CS 128 Classroom

Reliable GitHub repository management solution addressing GitHub Classroom limitations

Status: In ProductionDuration: Fall 2025 - Present

The Problem We Solve

GitHub Classroom suffers from a critical reliability flaw that disrupts large-scale programming education. Students successfully accept assignments and repositories are created, but their access invitations become invalidated almost immediately.

This creates a frustrating scenario: repositories exist but remain inaccessible. Instructors can see pending invitations in their dashboard, but students cannot accept them. Even resending invitations fails to restore access.

The only recourse is deleting student repositories and forcing re-acceptance—a time-consuming process that doesn’t always work and scales poorly for courses with hundreds of students.

For CS 128, serving hundreds of students each semester, this bug transforms what should be seamless assignment distribution into a constant source of technical support requests, diverting valuable instructional time from programming education to troubleshooting access issues.

Our Solution

CS 128 Classroom eliminates GitHub Classroom’s reliability problems through direct API integration. Rather than relying on GitHub’s problematic invitation system, we manage repository access directly.

Students authenticate using our existing CS128 identity service and immediately accept assignments. This triggers automatic creation of private repositories with immediate, stable access permissions—no invitations required.

By bypassing GitHub Classroom’s invitation mechanism entirely, we ensure students gain immediate read-write access to their repositories without the delays, failures, and administrative overhead that plagued our previous workflow.

Technical Implementation

The platform is built with Node.js and integrates directly with GitHub’s API to manage:

  • Repository creation
  • Permission management
  • Student access control

Authentication is handled through OAuth2 using our existing CS128 identity infrastructure, ensuring seamless integration with the course ecosystem.

Key Technical Features

  • Automated repository creation from instructor templates
  • Direct collaborator management via the GitHub API (bypassing invitations)
  • Assignment categories for organizational flexibility
  • Student repository lookup and management tools
  • Publishing controls with release and due dates
  • Real-time assignment acceptance tracking
  • Comprehensive error handling and retry logic
  • Role-based access control for students and instructors

Educational Impact

As of Fall 2025, the platform has successfully served 500+ students and created thousands of repositories without any invitation failures.

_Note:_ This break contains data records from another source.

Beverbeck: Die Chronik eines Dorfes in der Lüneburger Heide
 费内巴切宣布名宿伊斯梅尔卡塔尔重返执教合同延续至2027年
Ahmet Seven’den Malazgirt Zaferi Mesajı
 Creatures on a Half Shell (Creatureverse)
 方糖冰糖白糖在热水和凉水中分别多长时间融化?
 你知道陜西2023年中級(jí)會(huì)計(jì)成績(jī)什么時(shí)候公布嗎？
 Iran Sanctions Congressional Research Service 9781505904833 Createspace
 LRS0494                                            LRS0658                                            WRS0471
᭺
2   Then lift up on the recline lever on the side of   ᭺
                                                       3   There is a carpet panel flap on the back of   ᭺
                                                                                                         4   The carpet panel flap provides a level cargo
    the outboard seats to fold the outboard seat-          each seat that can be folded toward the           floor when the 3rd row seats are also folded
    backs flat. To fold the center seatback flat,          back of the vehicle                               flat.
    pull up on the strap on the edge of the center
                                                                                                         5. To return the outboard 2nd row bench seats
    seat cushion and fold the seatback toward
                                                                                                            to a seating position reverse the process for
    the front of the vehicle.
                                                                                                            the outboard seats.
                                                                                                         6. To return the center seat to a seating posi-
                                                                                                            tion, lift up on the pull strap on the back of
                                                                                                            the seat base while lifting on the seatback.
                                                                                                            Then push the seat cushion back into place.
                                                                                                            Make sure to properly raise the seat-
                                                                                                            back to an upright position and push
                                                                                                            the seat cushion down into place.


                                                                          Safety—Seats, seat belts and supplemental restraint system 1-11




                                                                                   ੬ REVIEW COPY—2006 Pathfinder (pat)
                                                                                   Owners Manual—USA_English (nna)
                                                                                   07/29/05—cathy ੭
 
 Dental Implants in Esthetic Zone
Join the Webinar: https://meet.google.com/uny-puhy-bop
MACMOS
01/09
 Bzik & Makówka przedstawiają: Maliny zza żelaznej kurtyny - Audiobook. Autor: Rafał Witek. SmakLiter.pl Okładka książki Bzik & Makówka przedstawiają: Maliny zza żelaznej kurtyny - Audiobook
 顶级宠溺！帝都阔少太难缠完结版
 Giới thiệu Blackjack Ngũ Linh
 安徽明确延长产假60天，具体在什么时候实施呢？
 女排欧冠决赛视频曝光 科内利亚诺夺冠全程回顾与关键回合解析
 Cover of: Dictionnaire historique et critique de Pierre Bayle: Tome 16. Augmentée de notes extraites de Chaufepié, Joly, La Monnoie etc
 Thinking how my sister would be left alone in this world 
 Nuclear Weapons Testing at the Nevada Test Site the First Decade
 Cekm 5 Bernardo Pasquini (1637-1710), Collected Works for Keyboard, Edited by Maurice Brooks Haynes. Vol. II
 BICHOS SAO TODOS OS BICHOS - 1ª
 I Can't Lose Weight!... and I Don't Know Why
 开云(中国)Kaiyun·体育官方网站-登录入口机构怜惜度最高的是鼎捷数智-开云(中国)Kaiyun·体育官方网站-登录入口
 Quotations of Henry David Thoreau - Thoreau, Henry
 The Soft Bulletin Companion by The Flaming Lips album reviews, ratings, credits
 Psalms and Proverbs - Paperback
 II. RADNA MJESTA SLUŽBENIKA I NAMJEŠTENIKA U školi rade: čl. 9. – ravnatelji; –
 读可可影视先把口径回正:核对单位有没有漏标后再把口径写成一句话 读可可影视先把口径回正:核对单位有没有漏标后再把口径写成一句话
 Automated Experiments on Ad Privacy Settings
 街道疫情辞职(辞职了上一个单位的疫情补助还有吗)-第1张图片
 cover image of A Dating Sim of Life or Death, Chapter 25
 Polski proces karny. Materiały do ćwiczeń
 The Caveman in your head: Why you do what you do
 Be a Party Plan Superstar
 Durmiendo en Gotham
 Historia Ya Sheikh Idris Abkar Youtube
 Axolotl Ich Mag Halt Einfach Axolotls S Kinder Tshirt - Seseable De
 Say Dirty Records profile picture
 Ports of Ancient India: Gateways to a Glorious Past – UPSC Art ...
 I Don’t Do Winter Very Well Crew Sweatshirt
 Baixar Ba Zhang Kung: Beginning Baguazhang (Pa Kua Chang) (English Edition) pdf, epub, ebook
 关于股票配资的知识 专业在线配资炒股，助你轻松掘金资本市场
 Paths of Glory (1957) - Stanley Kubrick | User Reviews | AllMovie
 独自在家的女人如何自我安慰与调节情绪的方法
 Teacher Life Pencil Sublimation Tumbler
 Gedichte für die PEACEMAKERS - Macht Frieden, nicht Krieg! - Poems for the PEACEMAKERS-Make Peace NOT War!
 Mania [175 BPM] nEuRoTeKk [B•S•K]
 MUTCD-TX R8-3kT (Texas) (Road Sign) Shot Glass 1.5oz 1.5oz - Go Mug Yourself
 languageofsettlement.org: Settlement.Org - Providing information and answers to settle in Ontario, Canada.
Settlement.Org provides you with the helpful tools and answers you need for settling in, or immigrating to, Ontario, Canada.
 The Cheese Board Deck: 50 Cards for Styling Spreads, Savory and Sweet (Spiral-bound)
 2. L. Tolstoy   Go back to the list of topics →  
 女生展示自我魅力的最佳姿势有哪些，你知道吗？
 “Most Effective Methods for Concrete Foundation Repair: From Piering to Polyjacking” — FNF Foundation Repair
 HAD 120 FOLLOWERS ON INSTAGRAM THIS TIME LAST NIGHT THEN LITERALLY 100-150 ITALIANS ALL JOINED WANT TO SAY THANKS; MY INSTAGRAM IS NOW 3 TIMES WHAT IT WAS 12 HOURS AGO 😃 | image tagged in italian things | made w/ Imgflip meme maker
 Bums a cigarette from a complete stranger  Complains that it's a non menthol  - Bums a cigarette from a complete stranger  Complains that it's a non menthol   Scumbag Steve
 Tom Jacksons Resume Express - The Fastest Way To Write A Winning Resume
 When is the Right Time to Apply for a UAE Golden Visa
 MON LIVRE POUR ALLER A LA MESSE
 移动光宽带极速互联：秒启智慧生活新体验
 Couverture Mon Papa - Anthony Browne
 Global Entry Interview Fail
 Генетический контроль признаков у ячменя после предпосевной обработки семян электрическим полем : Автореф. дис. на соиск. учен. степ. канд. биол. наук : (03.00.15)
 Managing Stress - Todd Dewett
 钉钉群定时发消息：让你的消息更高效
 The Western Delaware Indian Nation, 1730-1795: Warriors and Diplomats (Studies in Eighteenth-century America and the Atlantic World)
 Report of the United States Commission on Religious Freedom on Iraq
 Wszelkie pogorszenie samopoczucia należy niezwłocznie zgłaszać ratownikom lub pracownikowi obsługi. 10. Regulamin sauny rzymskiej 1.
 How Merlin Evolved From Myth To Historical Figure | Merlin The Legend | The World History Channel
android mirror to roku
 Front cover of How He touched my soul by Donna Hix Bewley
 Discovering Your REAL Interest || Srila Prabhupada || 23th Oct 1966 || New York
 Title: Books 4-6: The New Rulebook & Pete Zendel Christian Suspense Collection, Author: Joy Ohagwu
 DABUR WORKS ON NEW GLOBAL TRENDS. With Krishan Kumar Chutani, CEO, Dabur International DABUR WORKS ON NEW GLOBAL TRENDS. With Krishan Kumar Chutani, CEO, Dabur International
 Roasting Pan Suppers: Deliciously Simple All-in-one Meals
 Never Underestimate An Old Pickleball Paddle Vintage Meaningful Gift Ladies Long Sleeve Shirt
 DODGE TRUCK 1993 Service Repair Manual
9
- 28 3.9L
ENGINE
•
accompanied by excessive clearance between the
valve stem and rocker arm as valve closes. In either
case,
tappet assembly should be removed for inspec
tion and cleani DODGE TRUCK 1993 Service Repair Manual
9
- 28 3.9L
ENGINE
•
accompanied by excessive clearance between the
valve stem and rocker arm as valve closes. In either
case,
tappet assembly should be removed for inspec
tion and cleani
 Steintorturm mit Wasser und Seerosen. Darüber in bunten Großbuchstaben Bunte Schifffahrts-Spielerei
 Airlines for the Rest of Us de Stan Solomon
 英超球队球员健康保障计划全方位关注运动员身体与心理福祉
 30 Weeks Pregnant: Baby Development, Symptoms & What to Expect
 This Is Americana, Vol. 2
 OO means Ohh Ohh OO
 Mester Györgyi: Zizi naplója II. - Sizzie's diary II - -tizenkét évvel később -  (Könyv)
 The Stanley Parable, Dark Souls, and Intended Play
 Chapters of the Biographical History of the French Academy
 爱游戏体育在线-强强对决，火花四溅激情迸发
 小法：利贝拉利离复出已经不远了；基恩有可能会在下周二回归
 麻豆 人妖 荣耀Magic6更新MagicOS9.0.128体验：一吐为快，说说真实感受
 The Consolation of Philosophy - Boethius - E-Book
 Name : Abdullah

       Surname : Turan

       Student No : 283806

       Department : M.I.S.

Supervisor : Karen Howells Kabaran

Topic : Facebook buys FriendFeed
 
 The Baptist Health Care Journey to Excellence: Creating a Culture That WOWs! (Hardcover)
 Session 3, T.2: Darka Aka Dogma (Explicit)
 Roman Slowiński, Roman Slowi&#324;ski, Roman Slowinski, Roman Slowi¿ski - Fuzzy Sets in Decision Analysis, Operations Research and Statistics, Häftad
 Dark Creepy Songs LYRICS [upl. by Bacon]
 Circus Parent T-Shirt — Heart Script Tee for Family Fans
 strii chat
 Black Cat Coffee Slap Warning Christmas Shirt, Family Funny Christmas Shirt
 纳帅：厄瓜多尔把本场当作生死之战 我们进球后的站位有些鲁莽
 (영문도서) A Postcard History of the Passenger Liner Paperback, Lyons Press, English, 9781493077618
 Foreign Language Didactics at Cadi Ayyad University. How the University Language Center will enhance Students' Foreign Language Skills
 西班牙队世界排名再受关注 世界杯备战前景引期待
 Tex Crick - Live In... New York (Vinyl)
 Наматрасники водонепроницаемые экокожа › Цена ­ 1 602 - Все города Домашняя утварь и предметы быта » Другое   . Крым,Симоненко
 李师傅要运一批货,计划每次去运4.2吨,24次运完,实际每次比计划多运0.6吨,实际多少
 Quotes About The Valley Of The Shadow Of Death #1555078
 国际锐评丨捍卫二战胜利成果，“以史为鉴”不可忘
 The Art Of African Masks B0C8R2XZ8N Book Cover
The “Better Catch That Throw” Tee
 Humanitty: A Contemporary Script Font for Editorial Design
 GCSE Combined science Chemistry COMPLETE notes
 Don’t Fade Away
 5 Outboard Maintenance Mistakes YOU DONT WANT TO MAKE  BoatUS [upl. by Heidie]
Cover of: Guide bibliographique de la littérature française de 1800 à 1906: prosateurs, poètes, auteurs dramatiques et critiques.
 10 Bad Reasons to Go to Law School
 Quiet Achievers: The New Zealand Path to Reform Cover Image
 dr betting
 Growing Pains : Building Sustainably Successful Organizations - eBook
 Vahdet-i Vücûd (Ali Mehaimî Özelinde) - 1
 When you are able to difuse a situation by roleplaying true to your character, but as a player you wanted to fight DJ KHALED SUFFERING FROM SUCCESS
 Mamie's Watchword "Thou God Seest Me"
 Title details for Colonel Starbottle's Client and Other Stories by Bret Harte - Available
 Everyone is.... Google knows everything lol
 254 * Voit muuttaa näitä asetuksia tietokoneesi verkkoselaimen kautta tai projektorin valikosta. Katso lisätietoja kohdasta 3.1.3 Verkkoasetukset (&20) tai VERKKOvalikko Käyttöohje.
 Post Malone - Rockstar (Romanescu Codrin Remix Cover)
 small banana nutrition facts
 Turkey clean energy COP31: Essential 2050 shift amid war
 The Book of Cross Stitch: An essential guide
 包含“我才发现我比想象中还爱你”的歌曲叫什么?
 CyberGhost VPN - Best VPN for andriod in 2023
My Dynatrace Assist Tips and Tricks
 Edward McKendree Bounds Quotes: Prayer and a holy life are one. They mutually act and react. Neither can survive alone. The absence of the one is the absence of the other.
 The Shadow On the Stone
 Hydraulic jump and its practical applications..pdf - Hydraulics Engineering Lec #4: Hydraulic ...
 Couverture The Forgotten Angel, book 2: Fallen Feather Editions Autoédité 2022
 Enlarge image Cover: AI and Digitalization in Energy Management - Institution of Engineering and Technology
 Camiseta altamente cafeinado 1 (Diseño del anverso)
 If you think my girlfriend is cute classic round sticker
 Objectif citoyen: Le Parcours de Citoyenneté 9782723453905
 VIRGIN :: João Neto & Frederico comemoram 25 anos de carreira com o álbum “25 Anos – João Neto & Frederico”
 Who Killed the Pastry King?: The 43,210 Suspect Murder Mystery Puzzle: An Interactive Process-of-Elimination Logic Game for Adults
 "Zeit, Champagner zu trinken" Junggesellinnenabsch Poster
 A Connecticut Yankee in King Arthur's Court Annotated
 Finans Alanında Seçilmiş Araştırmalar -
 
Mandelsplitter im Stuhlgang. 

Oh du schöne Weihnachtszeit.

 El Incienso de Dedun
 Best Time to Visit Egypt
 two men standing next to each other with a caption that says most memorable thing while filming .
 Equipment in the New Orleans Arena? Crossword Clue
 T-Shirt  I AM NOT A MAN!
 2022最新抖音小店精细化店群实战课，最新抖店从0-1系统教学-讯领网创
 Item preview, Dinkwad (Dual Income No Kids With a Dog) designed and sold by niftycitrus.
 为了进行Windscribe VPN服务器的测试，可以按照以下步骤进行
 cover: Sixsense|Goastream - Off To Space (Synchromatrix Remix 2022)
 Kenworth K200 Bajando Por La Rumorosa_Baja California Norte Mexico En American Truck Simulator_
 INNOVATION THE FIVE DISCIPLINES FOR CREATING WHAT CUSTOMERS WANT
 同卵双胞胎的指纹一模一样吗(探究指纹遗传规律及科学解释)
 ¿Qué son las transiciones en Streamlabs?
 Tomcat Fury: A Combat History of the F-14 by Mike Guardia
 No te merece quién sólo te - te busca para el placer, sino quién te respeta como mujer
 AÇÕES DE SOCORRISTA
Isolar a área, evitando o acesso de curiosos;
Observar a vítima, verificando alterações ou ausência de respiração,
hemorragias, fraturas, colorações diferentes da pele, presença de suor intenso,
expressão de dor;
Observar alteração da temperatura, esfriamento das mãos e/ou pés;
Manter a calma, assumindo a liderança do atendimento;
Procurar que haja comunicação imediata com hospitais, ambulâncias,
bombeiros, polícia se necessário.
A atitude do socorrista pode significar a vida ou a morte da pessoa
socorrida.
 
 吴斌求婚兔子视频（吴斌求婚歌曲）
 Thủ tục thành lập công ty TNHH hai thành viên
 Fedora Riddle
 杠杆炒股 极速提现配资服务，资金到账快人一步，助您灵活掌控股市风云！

Students can now accept assignments and begin coding immediately, rather than encountering access issues that require instructor intervention.

The categorized assignment system supports our diverse course structure—MPs, daily lesson activities, and recitation exercises. Publishing controls let instructors prepare assignments in advance and release them at precisely the right time. Due date tracking further helps students manage their workload effectively.

Administrative overhead has been dramatically reduced. What once required manual troubleshooting of failed invitations and repository deletions now works automatically. The ability to quickly look up a student’s repository status streamlines support and debugging, allowing instructors to focus on teaching programming concepts rather than debugging GitHub Classroom.

Reliability Results

Since deployment, we have observed zero instances of the invitation invalidation bug.

The direct API approach has proven far more reliable than GitHub Classroom’s invitation system. Additionally, comprehensive logging enables quick identification and resolution of any unexpected issues.

The only constraints encountered are GitHub’s API rate limits:

  • No more than 80 content-generating requests per minute
  • No more than 500 content-generating requests per hour

We have exceeded these limits occasionally, but the predictable nature of these constraints makes them manageable through intelligent request scheduling and batching.